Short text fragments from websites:
★ ★ ★
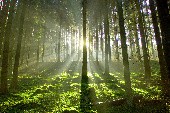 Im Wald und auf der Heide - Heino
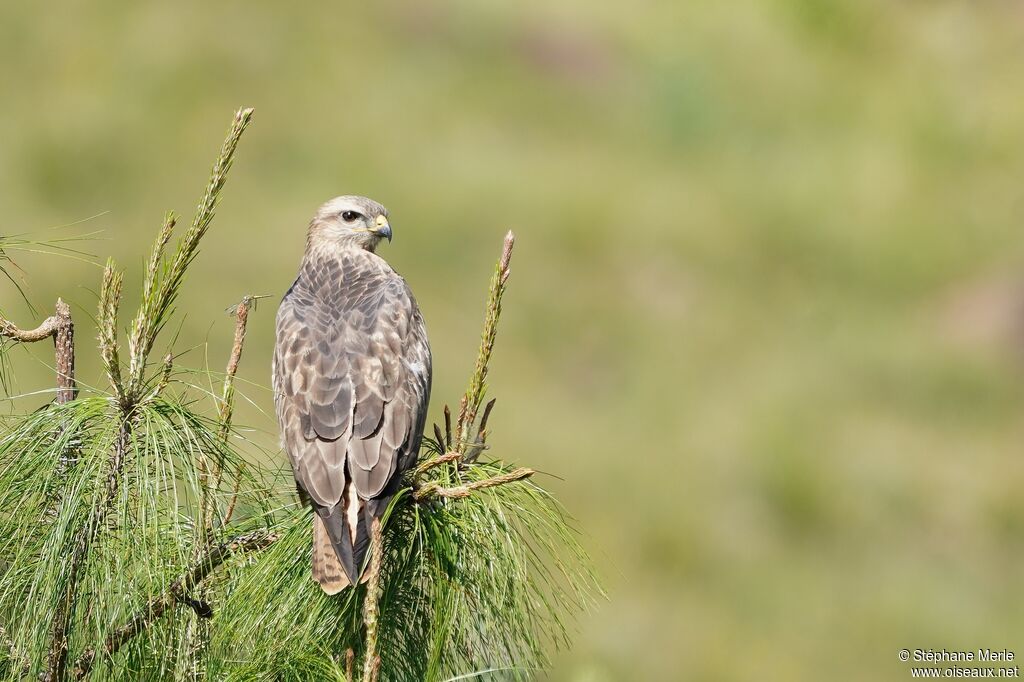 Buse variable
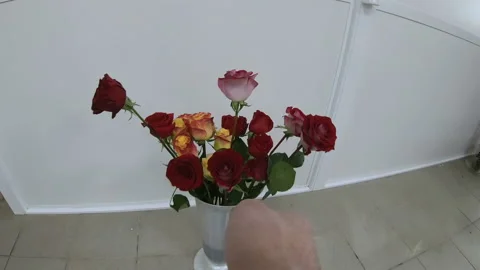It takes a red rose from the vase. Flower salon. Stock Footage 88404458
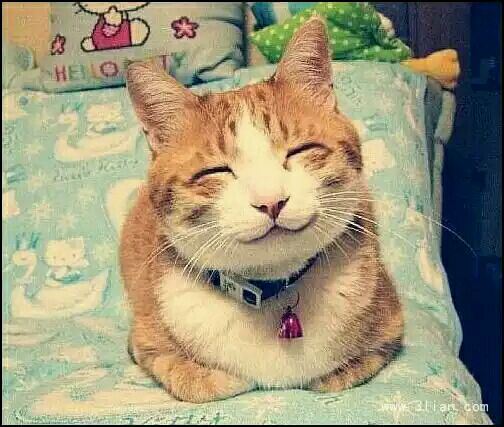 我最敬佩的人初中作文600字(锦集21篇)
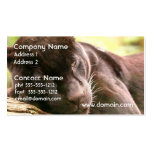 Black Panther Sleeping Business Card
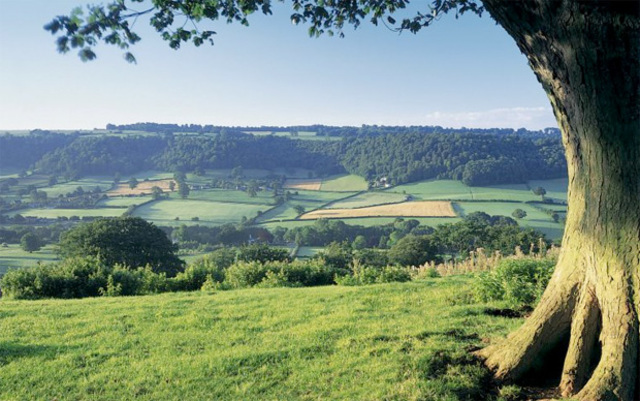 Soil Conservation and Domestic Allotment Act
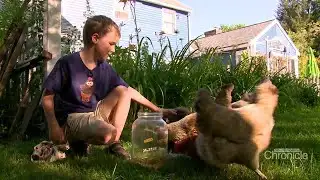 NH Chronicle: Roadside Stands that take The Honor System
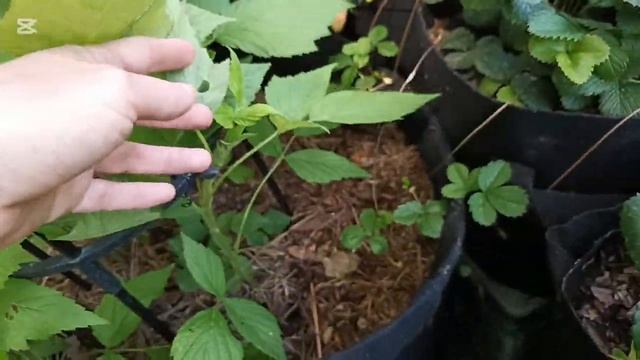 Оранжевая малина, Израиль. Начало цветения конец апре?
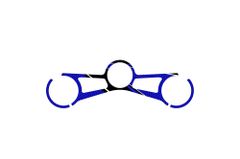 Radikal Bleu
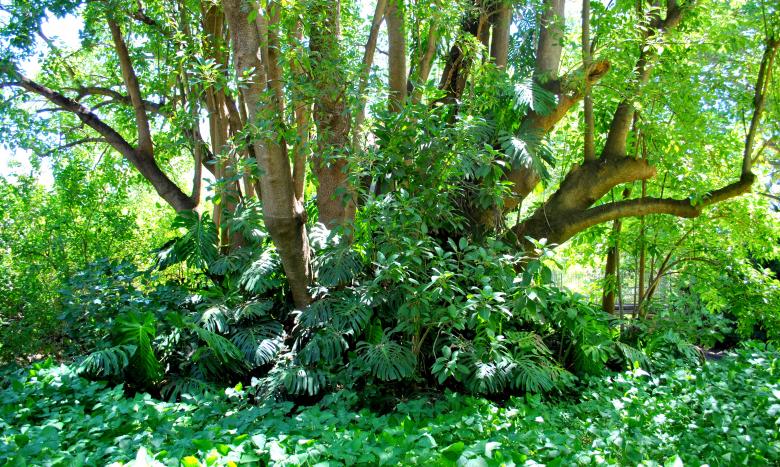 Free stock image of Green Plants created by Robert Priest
★ ★ ★
▶ WHAT IS BEING ASKED
The response must restate exactly the lines from the one containing "Оранжевая малина, Израиль." through the end of the records above and must leave out all pictures.

▶ SOLUTION TO THIS TASK
 Оранжевая малина, Израиль. Начало цветения конец апре?
 Radikal Bleu
 Free stock image of Green Plants created by Robert Priest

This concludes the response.